What you return must be the full listing, word for word, with no images in it.

Start of Data extract

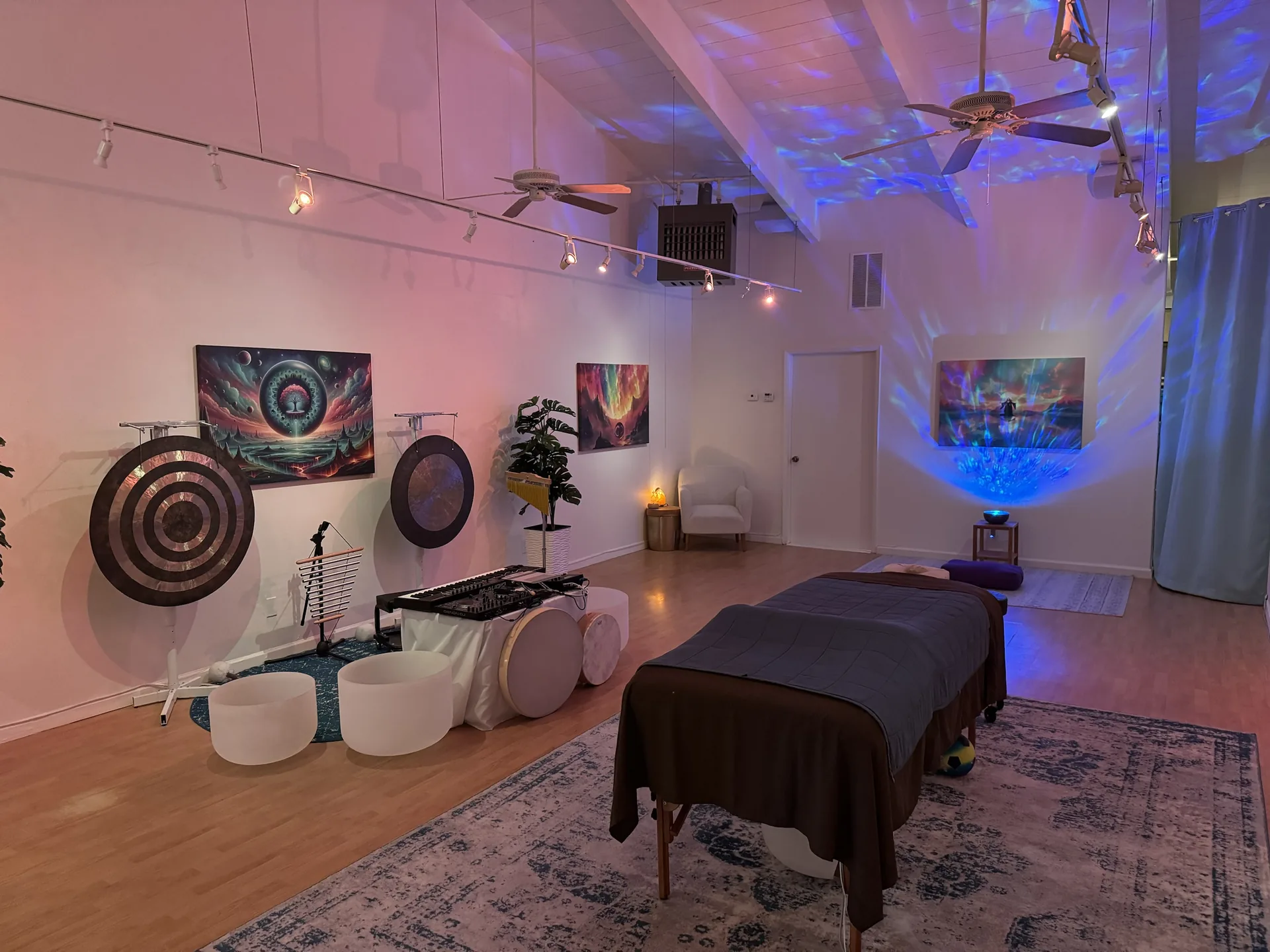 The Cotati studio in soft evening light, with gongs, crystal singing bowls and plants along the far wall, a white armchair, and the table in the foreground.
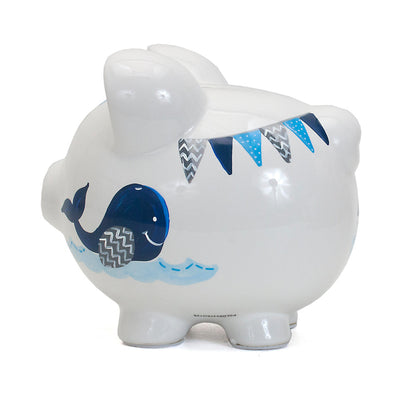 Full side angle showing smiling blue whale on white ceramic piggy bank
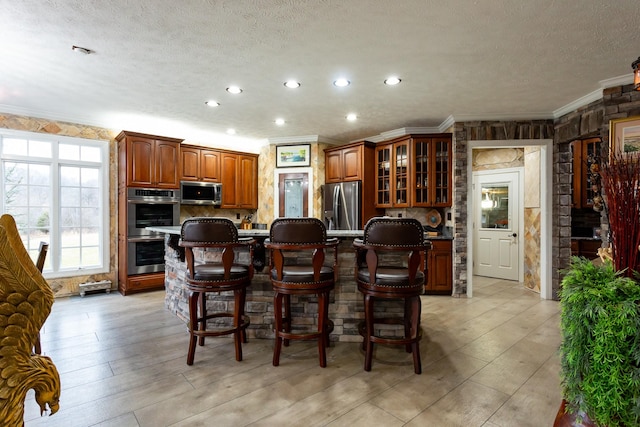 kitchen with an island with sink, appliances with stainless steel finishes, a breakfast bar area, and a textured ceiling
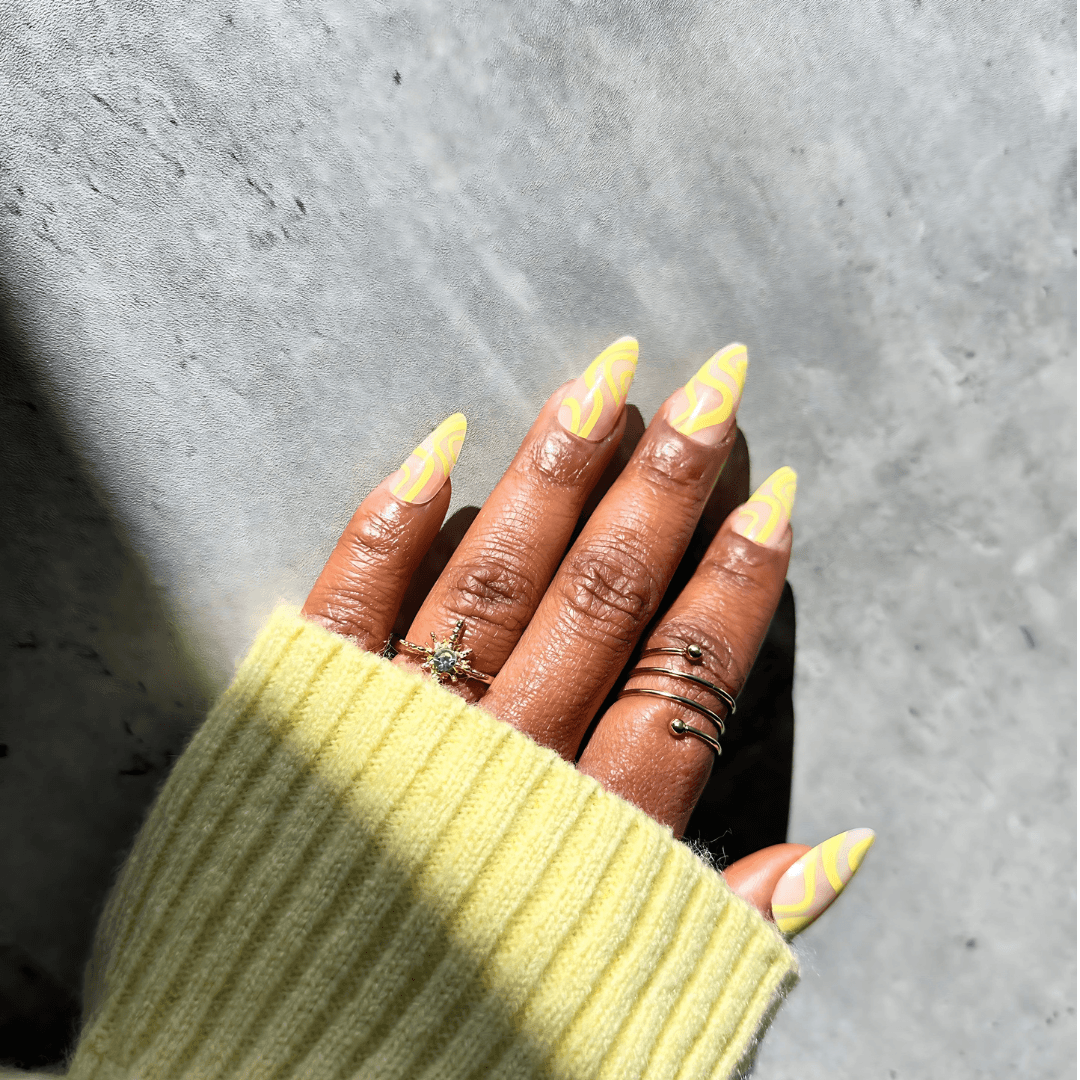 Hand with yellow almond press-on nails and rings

End of Data extract

Answer space:
 The Cotati studio in soft evening light, with gongs, crystal singing bowls and plants along the far wall, a white armchair, and the table in the foreground.
 Full side angle showing smiling blue whale on white ceramic piggy bank
 kitchen with an island with sink, appliances with stainless steel finishes, a breakfast bar area, and a textured ceiling
 Hand with yellow almond press-on nails and rings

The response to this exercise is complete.